A leading renewable energy firm, Abengoa SA, which has been the darling of the City of London and Wall Street financiers, and green Malthusians, filed for bankruptcy, on Feb. 23. The Spanish company has carried out projects in the United States, and in 2010, it received a large United States loan guarantee from the Barack Obama-Joe Biden administration to build a solar energy plant in Arizona. Abengoa’s is the second largest bankruptcy in Spanish history, according to El País daily, and has global implications.
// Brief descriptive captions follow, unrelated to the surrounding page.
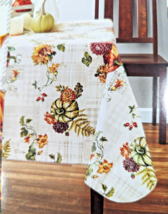 Harvest Pumpkin Vinyl Tablecloth Painted Botanical Fall 60 x 84-in PEVA ... - $307.28 MXN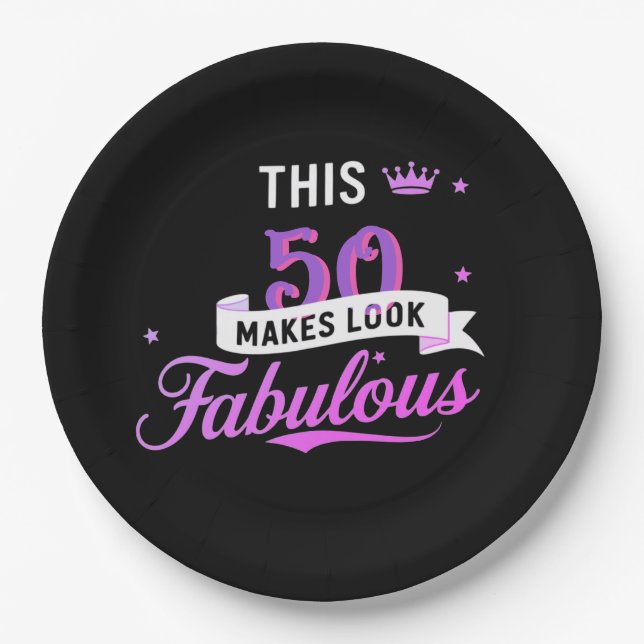 8-Pack 50th Birthday Round Paper Plates for Her  Pappteller (Vorderseite)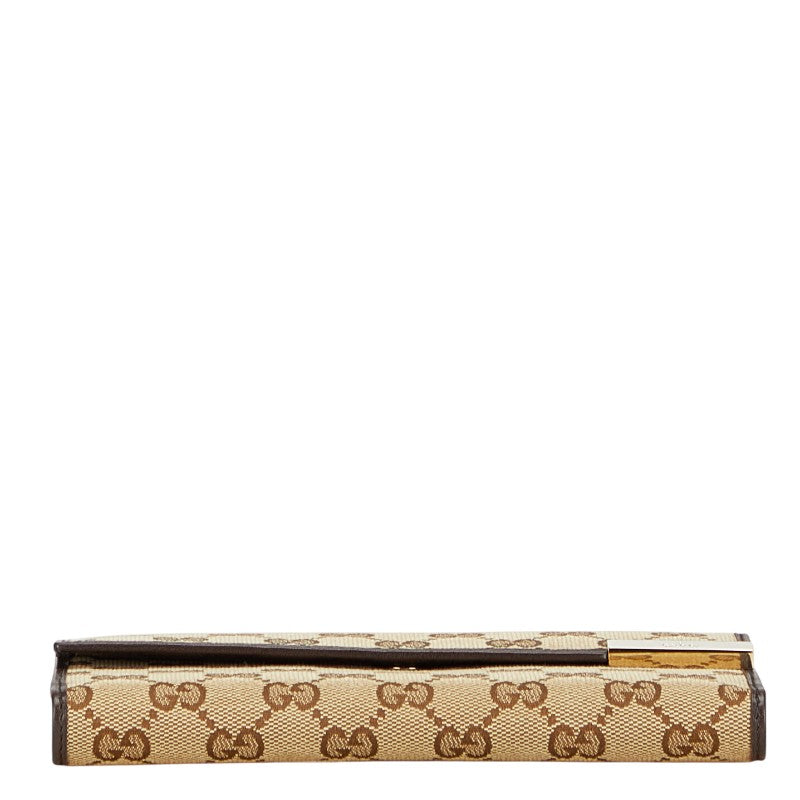 グッチ GGキャンバス 長財布 257012 ベージュ ブラウン キャンバス レザー レディース GUCCI 【中古】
This represents a snapshot of the significant vulnerability of a planned $40 trillion green speculative bubble in “renewables,” even before it is built.

This will be the third failure of Abengoa; having cooked its books in 2015—it was later found out—in order to present a picture of functionality, it collapsed in 2016 (wiping out almost all the value of its stockholders). It restructured its debt in 2018, and was in the process of attempting to restructure its current €6 billion ($7.3 billion) debt load, when the Spanish regional government of Andalusia unravelled a larger bail-out package by withdrawing its part of the package: an offer of a €20 million loan to the failing Abengoa.

On July 5, 2010, GreenTechMedia reported that in 2008, Abengoa negotiated with the Obama-Biden administration, along with Energy Secretary Steven Chu, that the U.S. government would extend to Abengoa Solar a $1.45 billion U.S. federal loan guarantee—a very large sum at that time for renewables—to build a 250 MW Solana solar concentrating power plant near Gila Bend, 70 miles southwest of Phoenix, Arizona. It would be a parabolic trough plant that would supposedly be able to store some of the solar rays in the form of thermal energy. But the trick was that the plant would generate about 38% of its rated capacity, meaning that it would generate almost two-thirds less than its rated capacity said.

Abengoa also built in Hugoton, Kansas a hybrid biomass plant, which would convert 350,000 tons of biomass/year into 25 million gallons per year of liquid fuel. Abengoa opened its plant in October 2014; the plant shut down operations in December 2015. Abenoga sold the plant, which cost more than $110 billion to build, to another company for $43 billion.